From the Chat: BPA in Tomato Cans

Wednesday, February 4, 2009

This question has been patiently submitted several times in the past six months.

Anonymous: Do you know of any brand of canned tomatoes that does not use bisphenol A in the can linings?

Joe Yonan: No.

BPA, used in the 1930s as a synthetic estrogen, is a component of plastic resins that can leach from can linings into food, especially during high-heat processing. Although studies have disagreed on the risk of consumption, some have shown effects in animals, including early puberty, increased risk for some cancers and altered behaviors, according to Gary Ginsberg, co-author of "What's Toxic, What's Not" (Berkley Books, 2006).
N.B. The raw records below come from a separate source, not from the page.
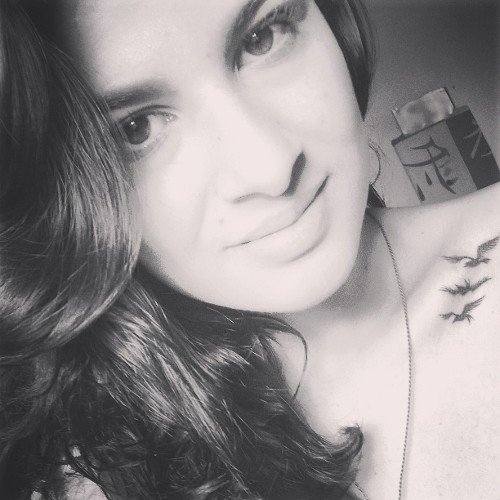 verih_cunha's profile picture. Olha pra mim, veja que eu era uma ilha a ser descoberta.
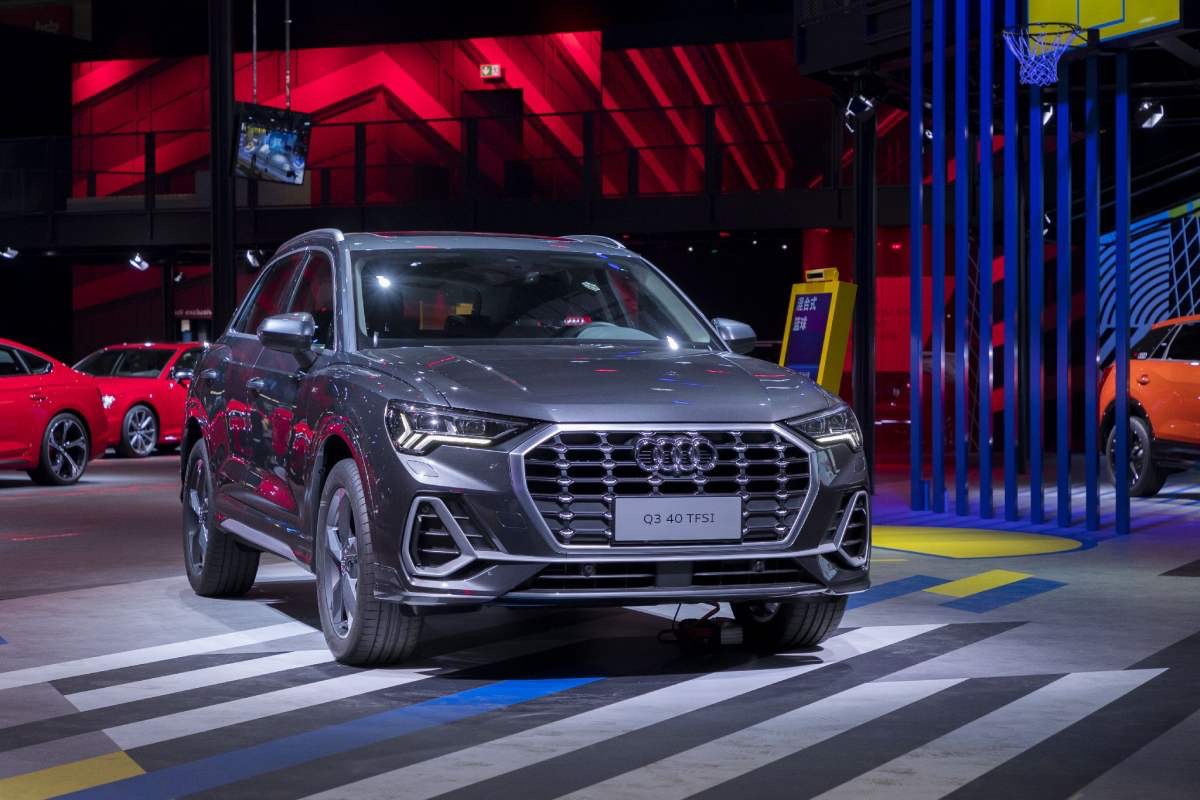 全新奥迪q3发布,奥迪ai:me概念车同步首秀上海车展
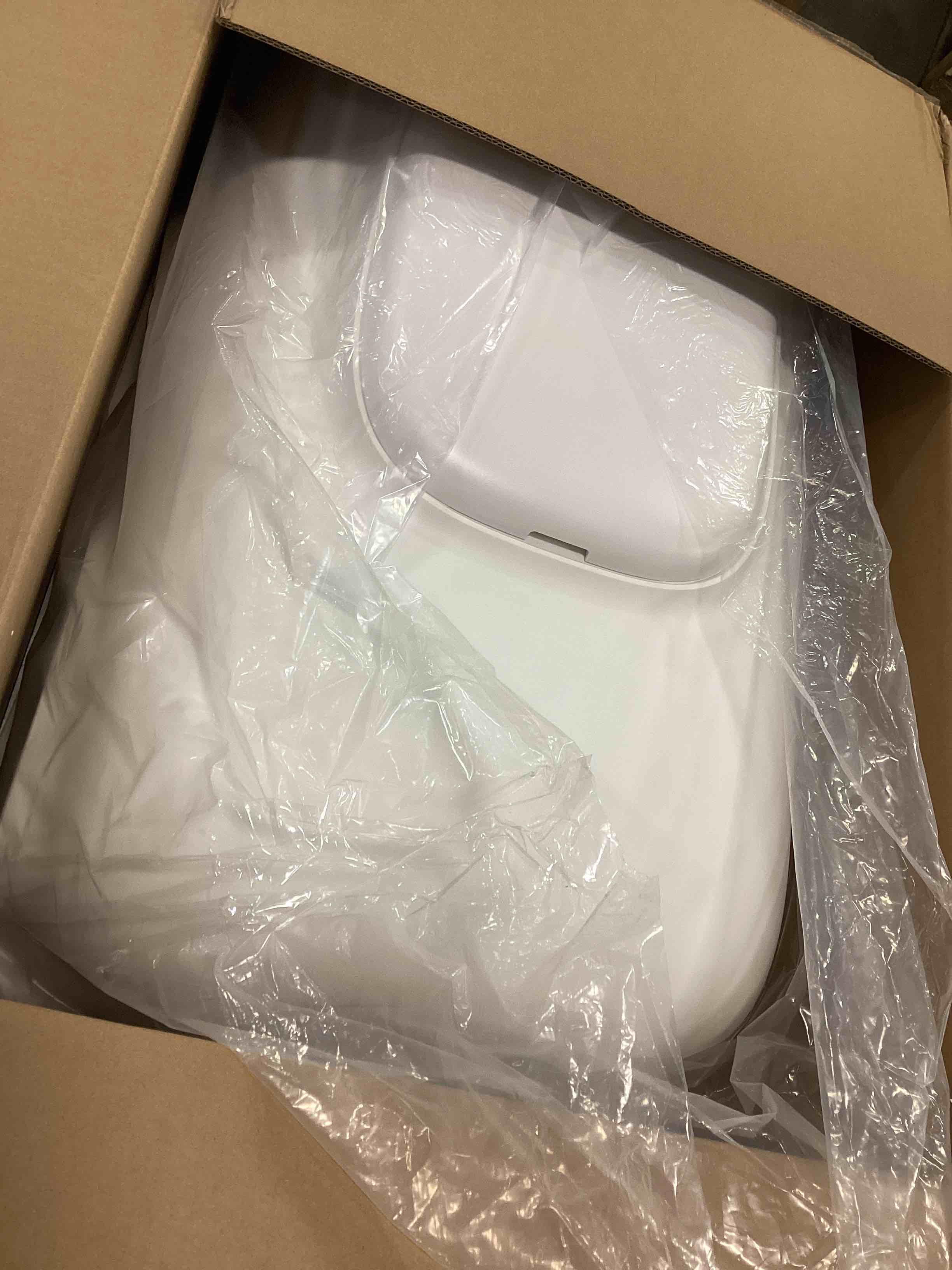 https://s3.amazonaws.com/lotting-images-prod/bidfta/BLU6017542_1708692686187.jpeg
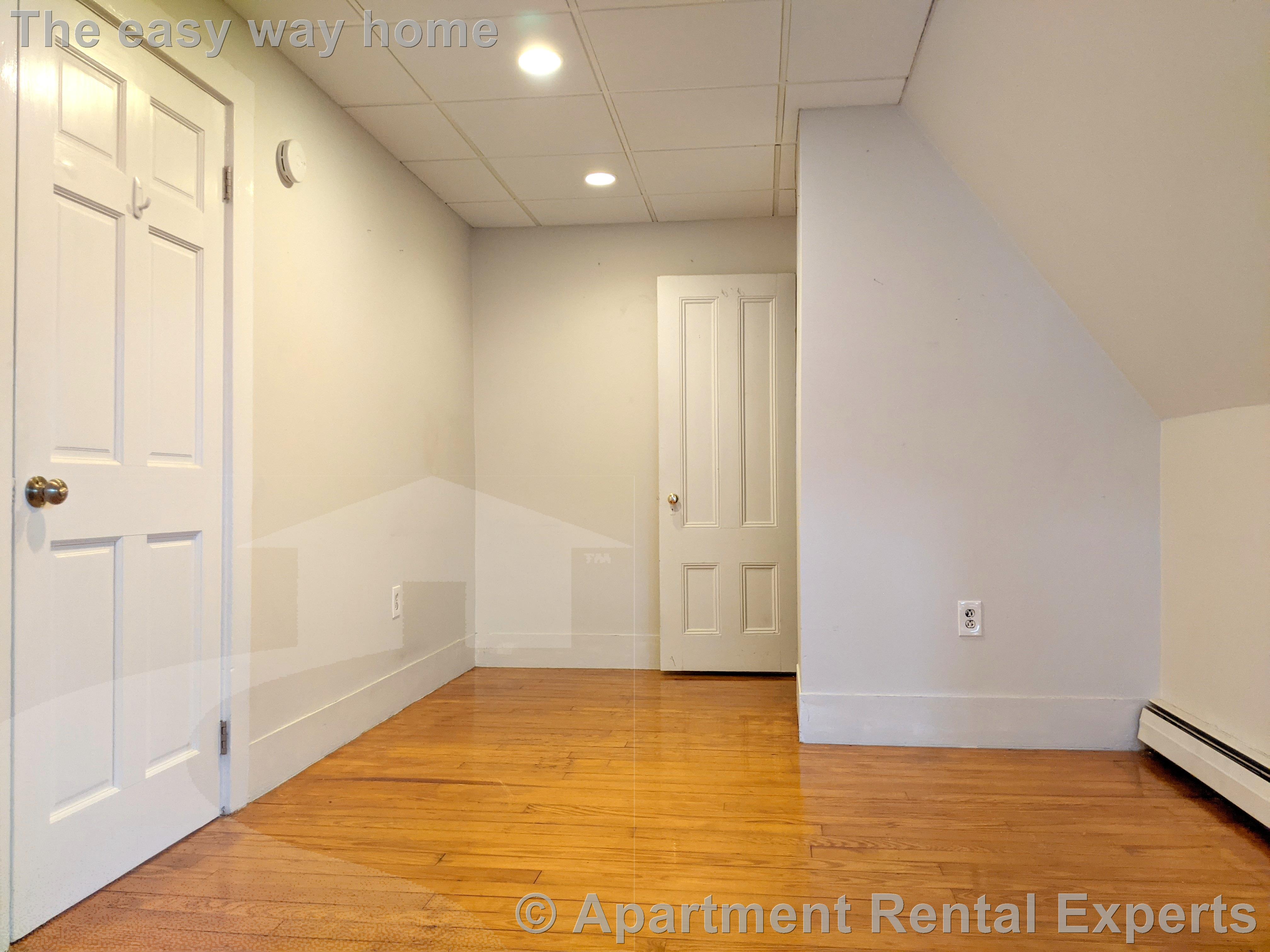 67 Putnam St, Prospect Hill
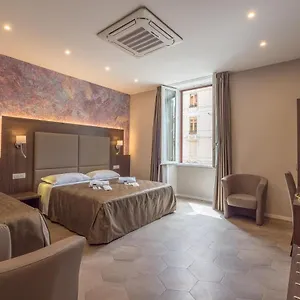 Bramble Luxury , Roma Itália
The Environmental Working Group has been surveying and lobbying manufacturers and suppliers about the BPA in their can linings, says senior analyst Sonya Lunder. She and Ginsberg say that the only company using an alternative, vegetable-based liner is Eden Organic, and that's just for beans.

Tomatoes are quite acidic, and that breaks down the vegetable-based liner, she and Ginsberg say. For tomato lovers who are concerned about BPA, the two say that the best option is to look for tomato products in glass jars, such as those made by Bionaturae, or in aseptic packaging, such as Pomi brand.